Net sales for the beer business increased 17$. This was due to a 13% increase in organic net sales driven primarily by volume growth and favorable pricing, the company says, and the acquisition benefit from Ballast Point.
“Our beer business continues to be a powerhouse for growth. We exceeded our profit and margin goals for the year,” says Rob Sands, president and chief executive officer, Constellation Brands, in a press release. “These excellent results were driven by solid performance for every brand in our portfolio, which resulted in Constellation being the #1 growth contributor to the U.S. beer industry for the year. In addition, our portfolio posted industry-leading depletion growth in the 9 to 10 percent range for the first calendar quarter of 2017 after a challenging December for the U.S. beer industry,” said Sands.

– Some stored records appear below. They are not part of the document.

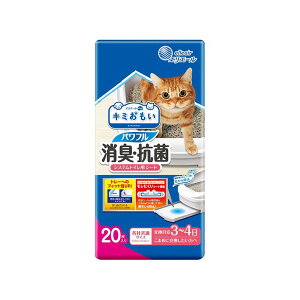 GG[ Pet L~ ptLER VXegCpV[g 3-4p 20 Lp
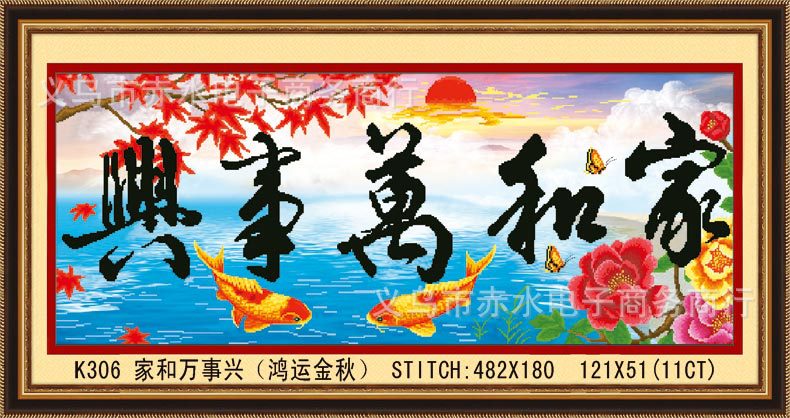 K306家和萬事興（鴻運(yùn)金秋）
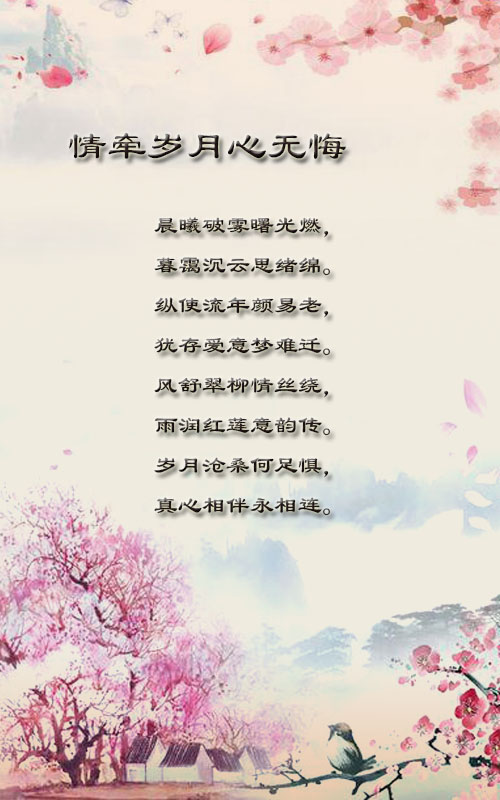 落雪🎤V娱热点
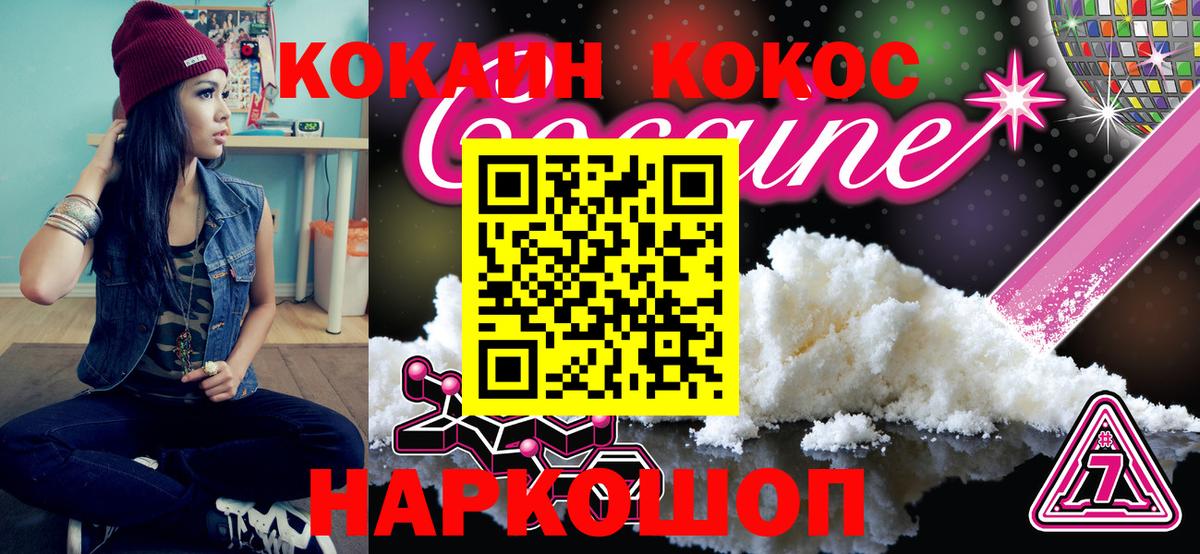 КОКАИН Боливия Чехов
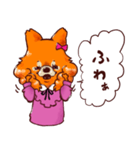 チェリーちゃんの日常（個別スタンプ：5）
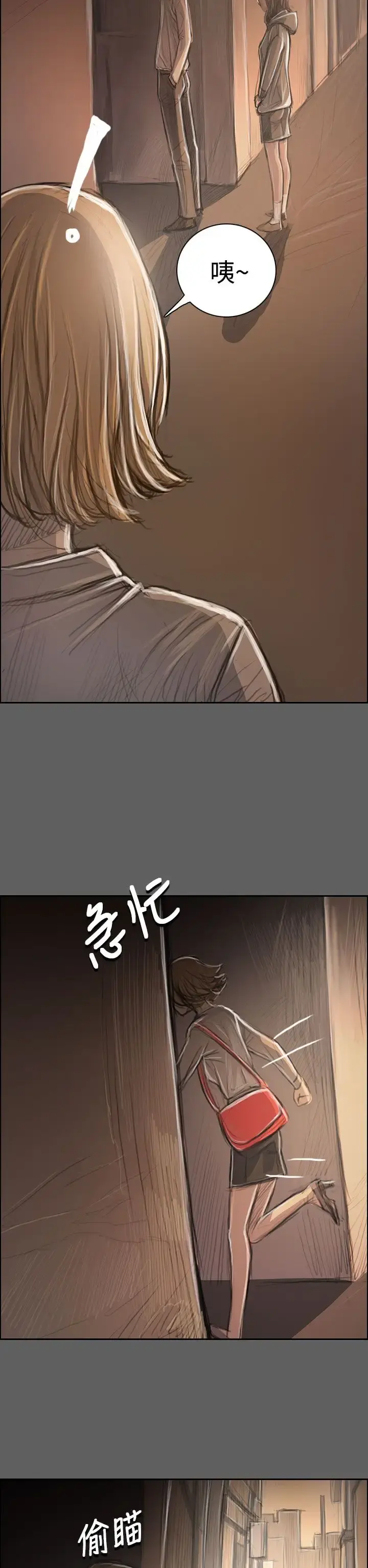 姐姐 - 第32话 - page 19
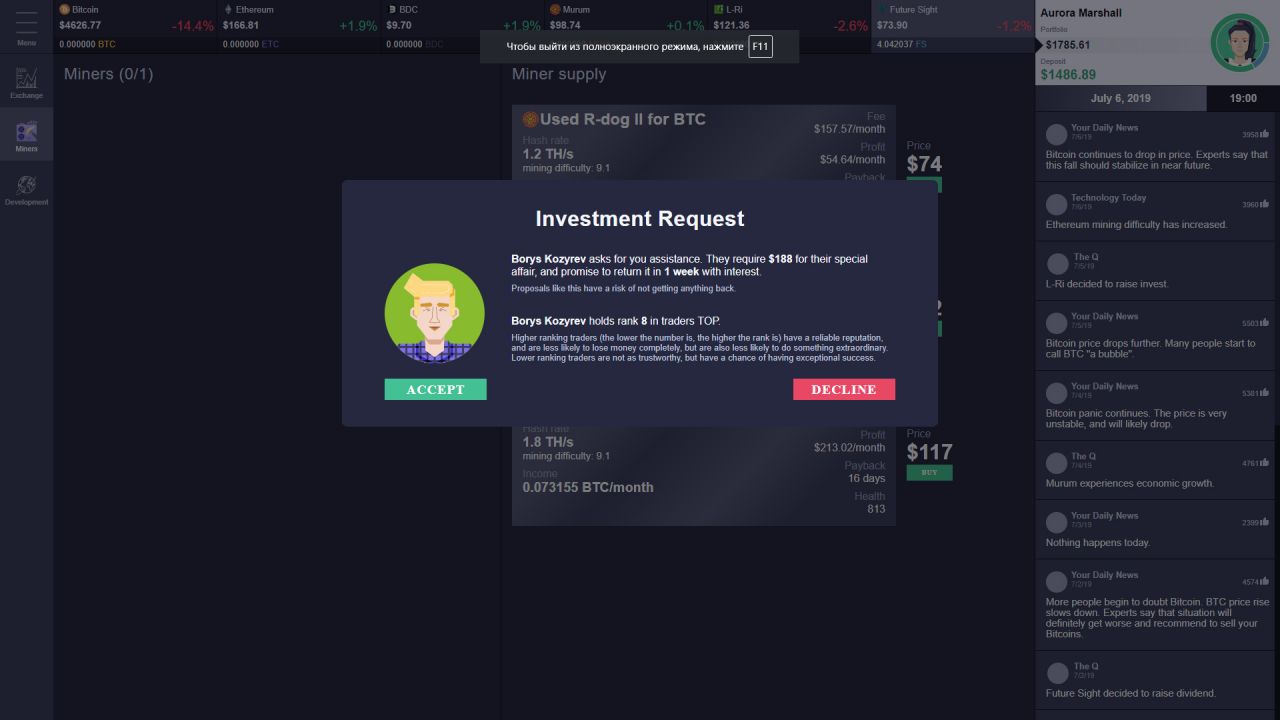 Cryptofall: Investor simulator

Wine and spirits net sales increased 6%. This reflects a 4% increase in organic net sales on a constant currency basis driven primarily by volume growth and favorable mix, the company says, and the acquisition benefit primarily from Meiomi and Prisoner. These benefits were partially offset by the divestiture of the Canadian wine business.
“Our wine and spirits business achieved strong earnings growth and margin expansion driven by our fast-growing, high-margin Focus Brands, which collectively delivered depletion growth of nine percent for the year,” says Sands. “We continue to gain distribution for our newly acquired High West whiskey brands, as well as the Prisoner and Charles Smith wine brands, all of which posted strong, double-digit depletion growth for the year.”
The company completed the sale of its Canadian wine business to Ontario Teachers’ Pension Plan on December 17, 2016. The transaction was valued at $775 million and the company received cash proceeds, net of outstanding debt and direct costs to sell, of $575 million, subject to post-closing adjustments.